Dependency Parser and POS tagger for unsupported language

Hi there, Thanks for the great library!

I'm looking to create a dependency parser and POS tagger for Afrikaans (and later, other South African languages). I have a labelled treebank corpus but am not certain how to proceed. I've looked at this link and I gather that I require a pretrained language model ? will pretrained fasttext embeddings suffice ? Any help on how to get started training the dependency parser and POS tagger would be a great help.

As an aside, I used the pretrained English model in the recipe linked above and the results, for simple sentences, aren't that bad :slight_smile: . Because Dutch is very similar to Afrikaans I tried using that instead, but it seems as though there isn't a parser to start with for Dutch.
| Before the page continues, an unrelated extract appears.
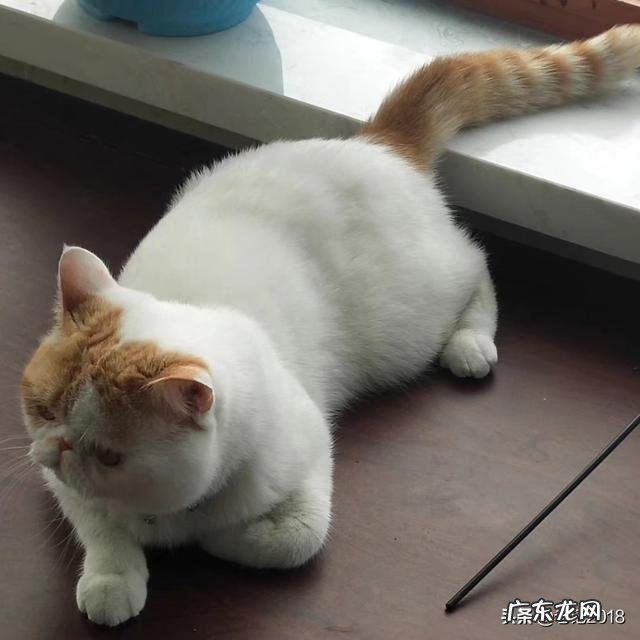 养猫人的怪癖 养猫之后你都有哪些癖好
Hi and thanks! :slightly_smiling_face:

You don't have to start off with pretrained embeddings – but if you do have some for your language, this will likely result in better overall accuracy. See here for an example of how to initialize a base model with fastText embeddings (which you can then use for training): https://spacy.io/usage/vectors-similarity#converting

Also see this example for how to use the spacy convert and spacy train commands to train a model from a CoNLL-U-formatted treebank: https://spacy.io/usage/training#spacy-train-cli

If you have a lot of raw text and word vectors, you could also try out the new (and still somewhat experimental) spacy pretrain, which lets you pretrain the token-to-vector layer with a language modelling objective. We've seen pretty good results with it on downstream tasks, and it's easy to train yourself and has virtually no impact on runtime speed :smiley: https://spacy.io/api/cli#pretrain

The nl_core_news_sm model was trained on the Dutch Lassy corpus and has a tagger, parser and entity recognizer: https://spacy.io/models/nl So you could also experiment with fine-tuning that for Afrikaans, or mixing both corpora so you have more data. It's potentially tricky and not worth it, though, because different corpora use different label schemes etc.

Brilliant. Thank you @ines. I'll move forward with your suggestions and report back.

1 Like